By May 8, 2024, the single judge dismissed the petition, citing the Ankit Kumar v. GNCTD precedent—no provisional admission or seat reservation meant no relief post-2023-2024 year-end. Unfilled KG/pre-primary seats would carry forward for fresh EWS applicants in 2024-2025 Class I. Pooja appealed (LPA 810/2024), seeking "moulding" of relief to Class II in 2024-2025.

Appellant's Push for Justice vs. Respondents' Stand on Process

Pooja argued her writ was filed within 2023-2024, blaming the school's unjust refusal despite no fault on her part. She invoked S. Krishna Sradha v. State of Andhra Pradesh (Supreme Court, 2020), urging exceptional molding—increasing seats or next-year admission—for meritorious RTE claimants. Pendency shouldn't penalize the child; specific relief to Aadharshila Vidyapeeth was essential.

The school countered via DoE affidavits: an alternate preferred school, Spring Fields Public School, Pitampura (same distance from home), was allotted on July 1, 2023. The child never reported, despite it matching choices in the original form. DoE offered municipal school admission during appeal hearings, but Pooja declined, insisting on the original allotment. Post-lottery seat tweaks were legitimate, and without interim orders, no seat creation possible.

Decoding the Verdict: Precedents and Principles at Play

The Division Bench dissected the single judge's reliance on Ankit Kumar v. GNCTD (2024:DHC:3161), which categorized petitioners: those with provisional admission or reserved seats could shift classes post-year; others lose claims as rights "perish" with the academic year. Unfilled seats carry forward openly, not reserved.

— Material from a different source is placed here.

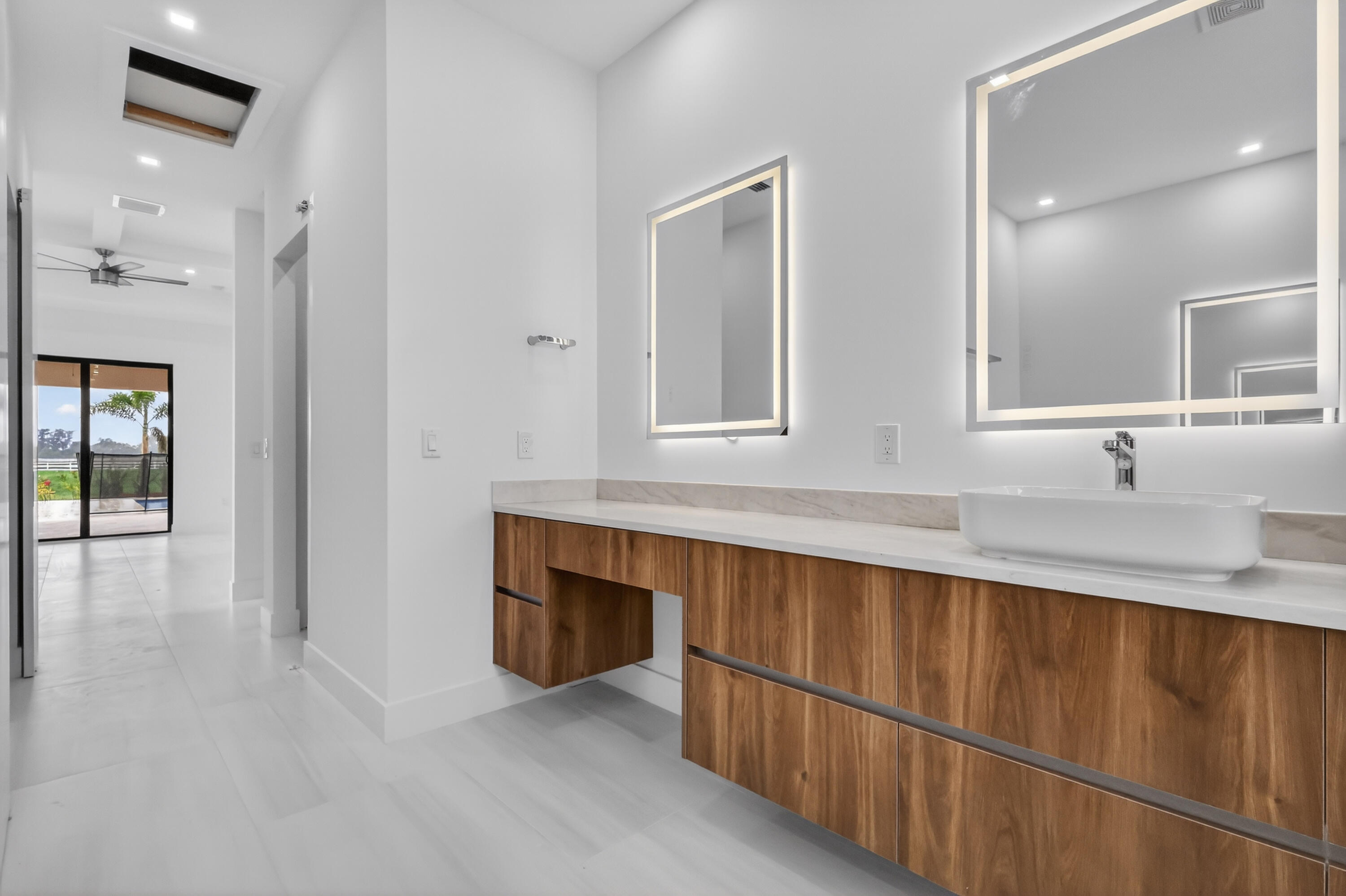 WHITE FENCES EQUESTRIAN ESTATES 1 - Residential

Distinguishing S. Krishna Sradha (MBBS admissions), the court noted its "rarest of rare" seat-increase directive applied pre-cutoff (October 30), inapplicable here as 2023-2024 had lapsed. Siddharth International Public School affirmed carry-forward of unfilled pre-primary seats, but not for bypassed years without protection.

Crucially, RTE's Section 12(1)(c) mandates 25% EWS reservation for inclusion, but as media reports echoed, "such a right to education cannot be translated into right to select a particular school." DoE's alternate allotment fulfilled duties; rejection forfeited leverage.

Key Observations from the Bench

"There is no cavil that the RTE Act is a beneficial legislation with an objective to achieve social inclusion and to ensure that School becomes a common space for children’s education not differentiated by barriers of caste, ethnic group, or caste lines. However, such a right to education cannot be translated into right to select a particular school." (Para 21)

"In the cases where there is no interim order of provisional admission or direction of reserving a seat passed by the Court during the pendency of the petition, the right of the student to be granted admission in the school allotted by the DoE would perish after the Academic Year is over." (Para 25)

"The Appellant was allotted an alternate School by Respondent No. 2 – DoE on 01.07.2023 itself, which was one of the preferred Schools chosen by the Appellant in her application form." (Para 20)

Final Call: Appeal Dismissed, Broader Implications

On March 25, 2026, the bench dismissed the appeal and applications, finding "no infirmity" in the impugned order. No costs ordered.

This reinforces procedural discipline in EWS admissions: seek interim relief promptly or risk year-end finality. Future claimants must prioritize provisional orders; schools/DoE gain clarity on post-lottery adjustments. It balances RTE equity with administrative fairness, potentially curbing "school shopping" while urging DoE transparency on school classes.